Statistics Canada reported, in The Daily, on Thursday, February 7, 2008 that, based on participation, golf is the number one recreational activity in Canada, played by more Canadians than hockey. With over 2,500 golf courses and practice ranges that occupy 200,000 hectares of land, an estimated 6 million golfers and an expected growth rate of 14 percent between 2009 and 2011, the Canadian golf market presents many opportunities for U.S. companies manufacturing golf products. This report provides an overview of the market and outlines the opportunities for U.S. businesses.

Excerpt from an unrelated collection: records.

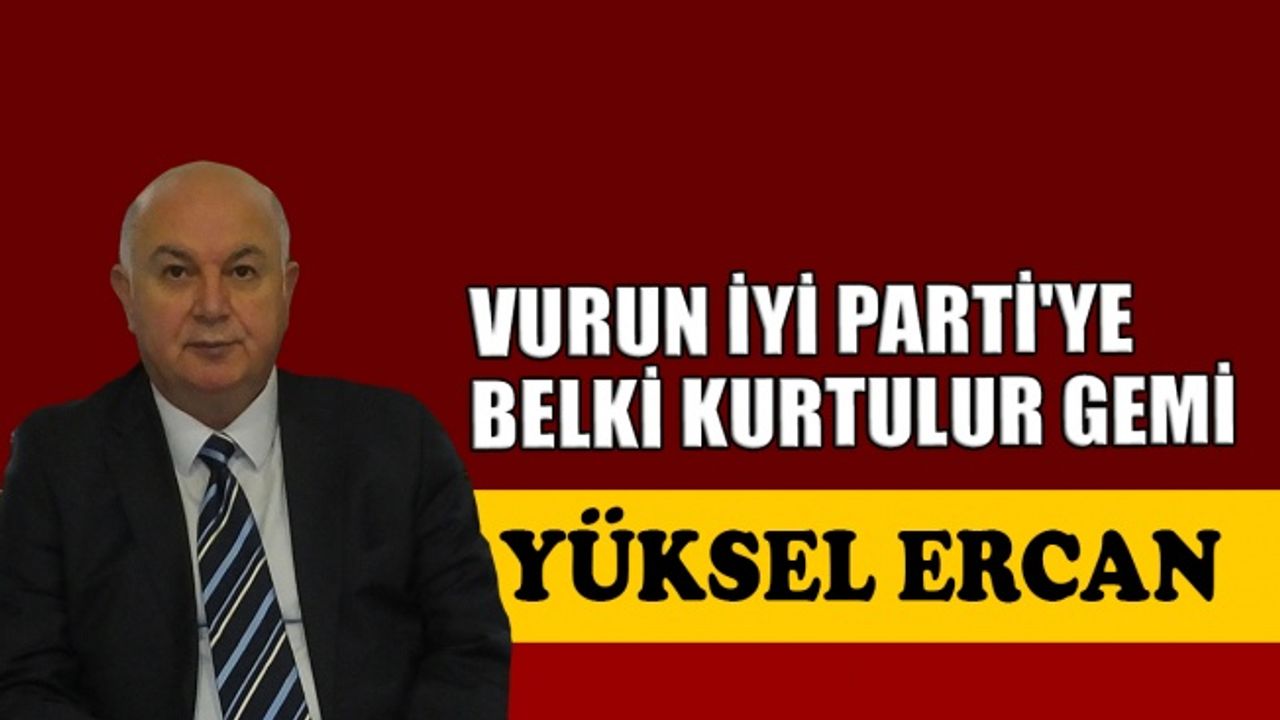 Vurun İYİ Parti'ye, belki kurtulur gemi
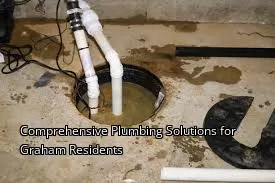 Comprehensive Plumbing Solutions for Graham Residents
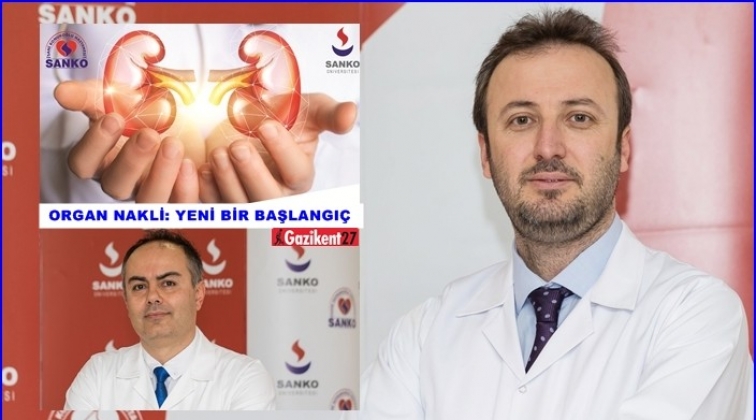 Sanko'da 'Organ Nakli: Yeni Bir Başlangı&ccedil;' konferansı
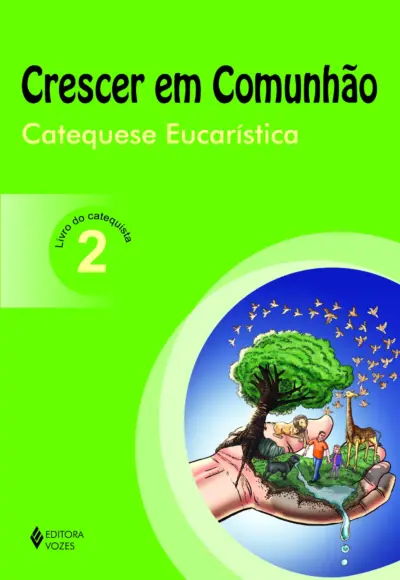 Crescer em comunhão catequese eucarística vol. 2 catequista
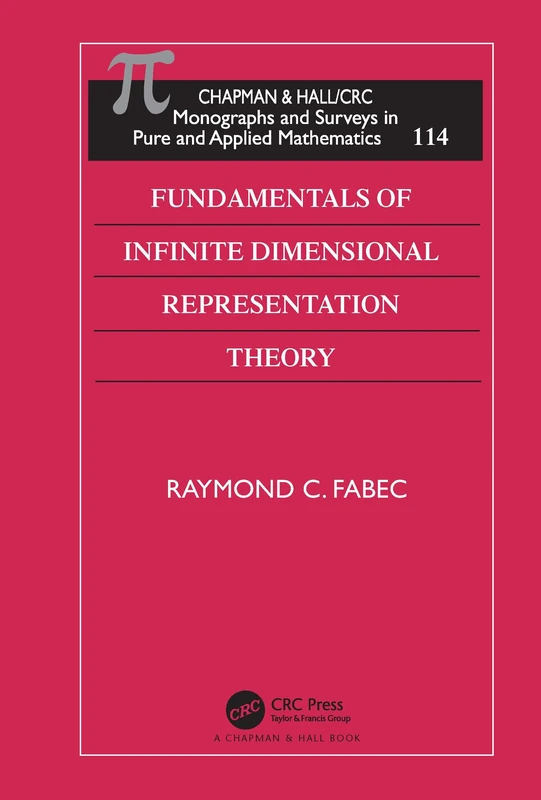 Fundamentals of Infinite Dimensional Representation Theory (CRC Monographs and Surveys in Pure and Applied Math (Hardcover)) - Image 1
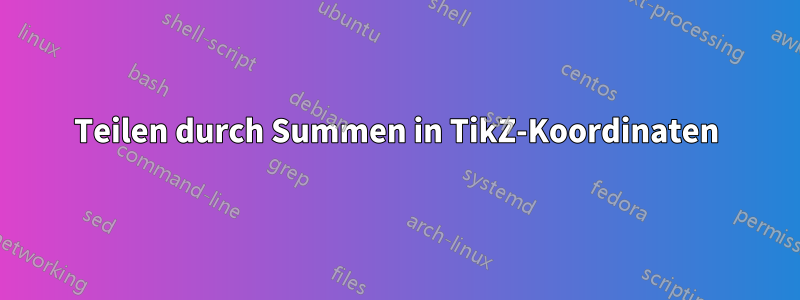 Teilen durch Summen in TikZ-Koordinaten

Golf is a popular game not only in the United States, but all over the world. The popularity of this sport has been growing in recent years in countries such as Japan, China, Germany, and Canada. In fact, golf participation rates in Canada are among the highest rates in the world. Currently, at 17.7 percent, this represents a national golfing population of 6 million people, an increase of 22.6 percent from 2001, when it was measured at 4.89 million people. The increase in overall golf participation rate is largely driven by a rise in the population of 'core golfers' (those that play at least eight rounds of golf/year or more). This population grew by nearly half from 2001 to 2006, from 1.85 million to 2.73 million. It is estimated that the core golfer plays 28 rounds of golf per year. The 'occasional golfer' segment also increased modestly from 2.6 million in 2001 to 2.83 million in 2006, an increase of 8 percent overall.
The growth of the Canadian golf industry is also in part a reflection of the changing Canadian demographics. The most significant change is the aging of the Canadian population, specifically those who are part of the baby boomer generation. Today, the baby boomer generation is in transition from the labor force to retirement. When retired, this generation tends to have more free time and fewer general expenses. As a result, golf has become an attractive hobby and recreational activity. Golf has also been favored by this age group over other activities because it requires low levels of physical exertion.

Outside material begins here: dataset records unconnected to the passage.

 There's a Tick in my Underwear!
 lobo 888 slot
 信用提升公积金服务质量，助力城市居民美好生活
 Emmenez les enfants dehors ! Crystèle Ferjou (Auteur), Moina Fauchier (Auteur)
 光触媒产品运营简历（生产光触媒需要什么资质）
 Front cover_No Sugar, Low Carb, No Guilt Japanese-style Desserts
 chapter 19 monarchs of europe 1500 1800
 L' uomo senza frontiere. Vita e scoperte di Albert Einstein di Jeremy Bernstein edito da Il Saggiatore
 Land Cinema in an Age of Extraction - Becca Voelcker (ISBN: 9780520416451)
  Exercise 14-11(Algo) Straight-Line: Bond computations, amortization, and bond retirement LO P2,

Junior golfer participation rates, aged 12-17, are down slightly from 17.6 percent or 432,000 in 2001 to 14.6 percent or 379,000 in 2006. This is a decrease of 12.3 percent in the total junior golfer population. The decrease is largely the result of drop-off among boys. Meanwhile, golf participation rates among junior-aged girls have risen slightly, from 5 percent to 8.1 percent in the same time. In July 2009, the Canadian Government announced an initiative to increase participation levels among youth in an effort to build the sport of golf in Canada. The department of Canadian Heritage is providing funding of $715,000 to the Royal Canadian Golf Association through its Sport Support Program which is aimed at developing athletes and coaches. This funding will help to ensure the growth and the success of this sport in Canada.

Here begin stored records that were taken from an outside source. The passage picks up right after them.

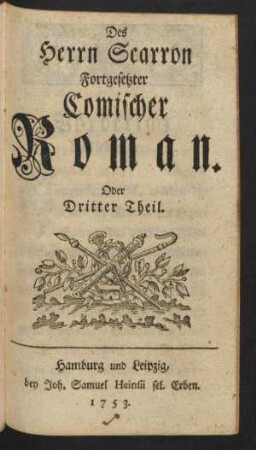 Des Herrn Scarron Fortgesetzter Comischer Roman. Oder Dritter Theil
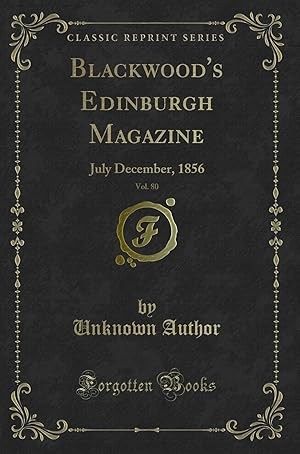 Image du vendeur pour Blackwood's Edinburgh Magazine, Vol. 80: July December, 1856 (Classic Reprint) mis en vente par Forgotten Books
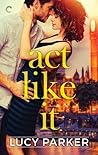 Act Like It by Lucy  Parker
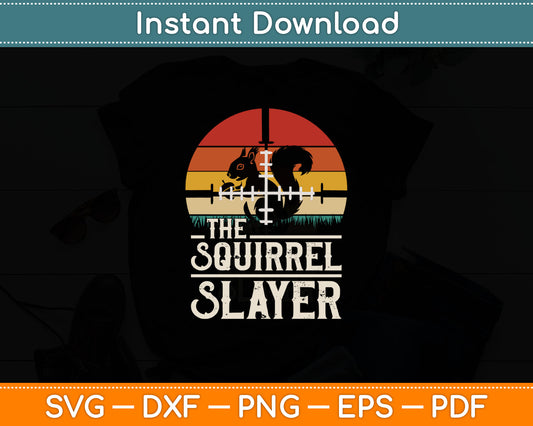 Vintage Sunset Retro Style Squirrel Hunting Squirrel Slayer Svg Digital Cutting File
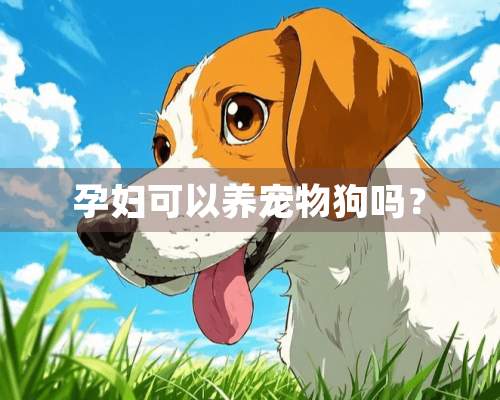 孕妇可以养宠物狗吗？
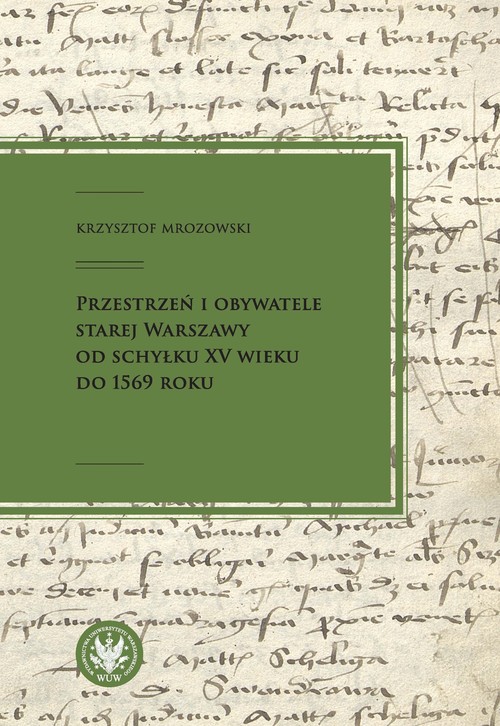 Image of Przestrzeń i obywatele Starej Warszawy od schyłku XV wieku do 1569 roku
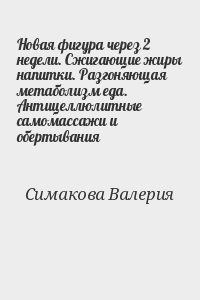Симакова Валерия - Новая фигура через 2 недели. Сжигающие жиры напитки. Разгоняющая метаболизм еда. Антицеллюлитные самомассажи и обертывания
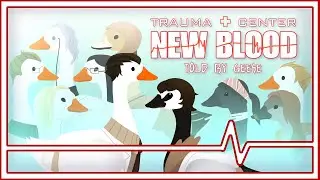 Trauma Center New Blood  [Told by Geese]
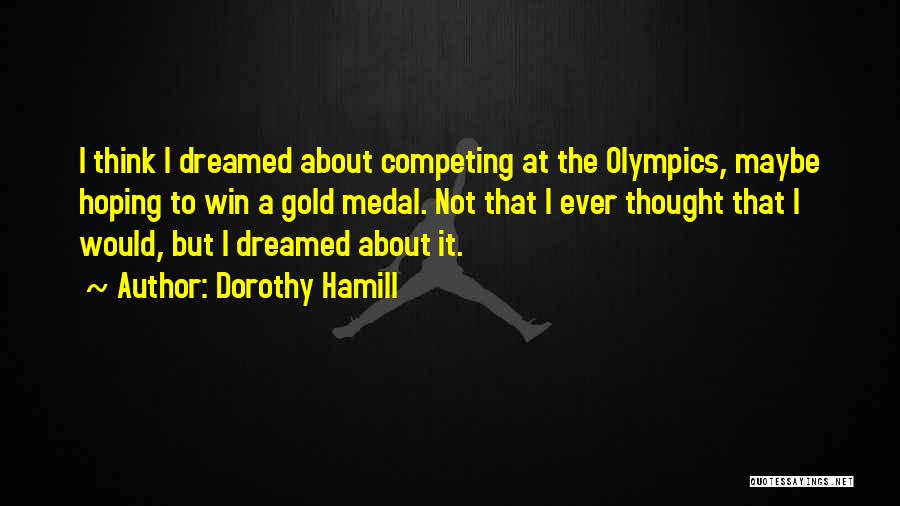 Dorothy Hamill Quotes: I Think I Dreamed About Competing At The Olympics, Maybe Hoping To Win A Gold Medal. Not That I Ever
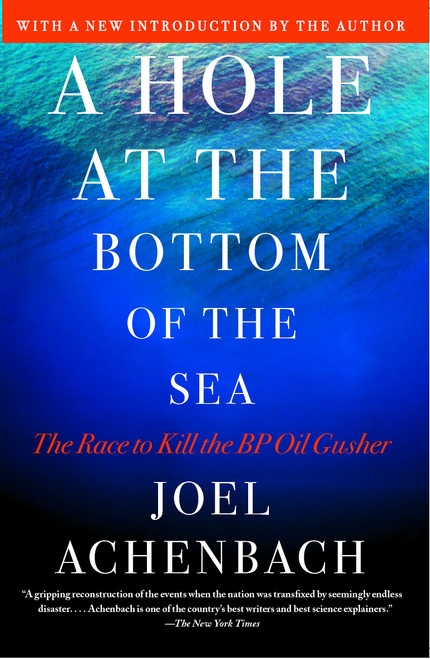 A Hole at the Bottom of the Sea (The Race to Kill the BP Oil Gusher) by Joel Achenbach, 9781451625370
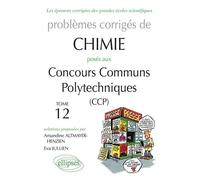 Chimie - Problèmes corrigés posés aux CCP de 2008 à 2011 - Tome 12 - Amandine Altmayer-Henzien - Ellipses - broché - Etude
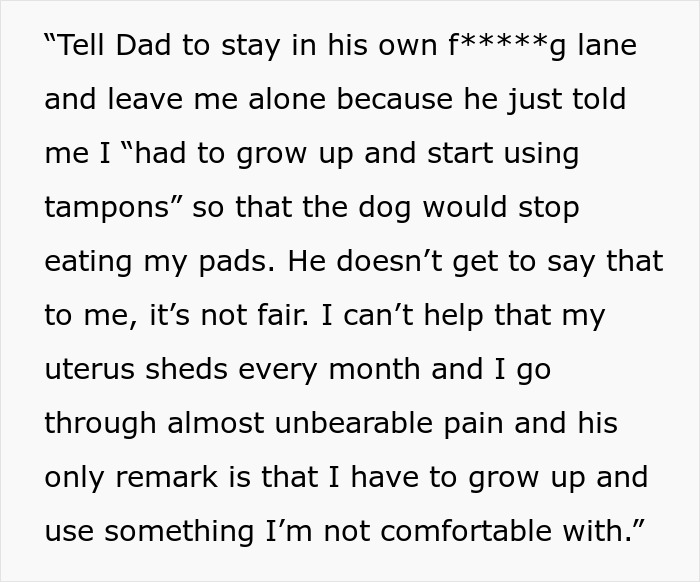 Teen Snaps At Dad After He Mansplained How She Should Handle Her Period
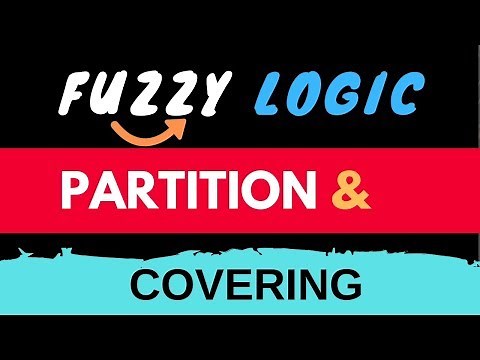 PARTITION AND COVERING IN FUZZY LOGIC [Lecture-3]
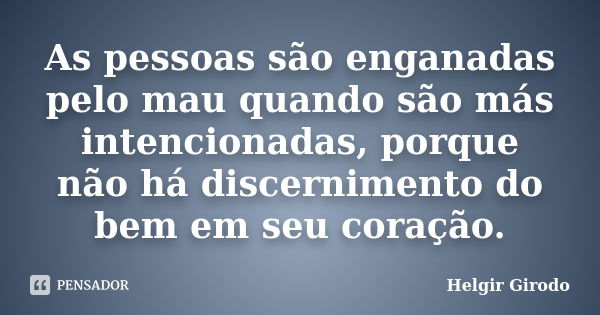 As pessoas são enganadas pelo mau quando são más intencionadas, porque não há discernimento do bem em seu coração.... Frase de Helgir Girodo.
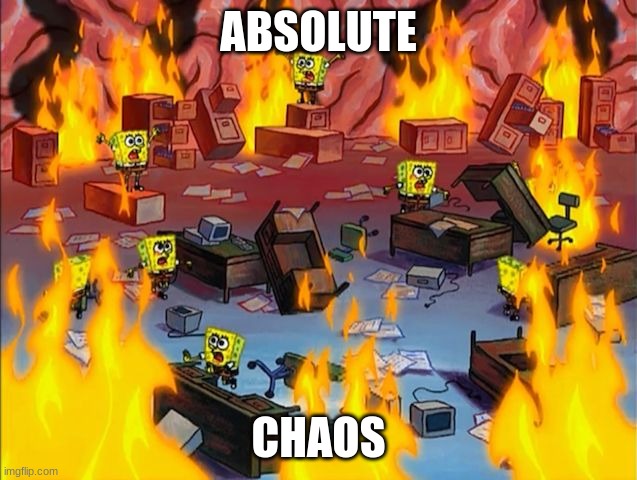 spongebob fire | ABSOLUTE CHAOS | image tagged in spongebob fire | made w/ Imgflip meme maker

The traditional long Canadian winters and short-lived summers have given way to more moderate transitions between seasons. These weather pattern changes have allowed golf courses to start fertilizing and preparing their greens earlier in the year in order to accommodate an earlier start to the season such as in late March or early April instead of the traditional tee-off time in late April or early May.
Additionally, the longer summers have also helped accommodate those who enjoy golfing late into the fall. In the past, Canadians may have chosen not to golf because renting equipment was expensive. Canadians may also have been hesitant to make a large investment in purchasing their own golf equipment because the length of the golfing season was never certain. This extended season and the relatively stable and consistent summer weather in the past couple of years has made Canadians more likely to make an investment in golf equipment and to participate in the sport.
In summary, due to more moderate temperatures and longer summers, the changing demographics of Canadian golfers (now including more retired people and women), and the support from the federal government to increase participation in golf the golf industry in Canada has seen significant growth in recent years and experts expect this trend to continue.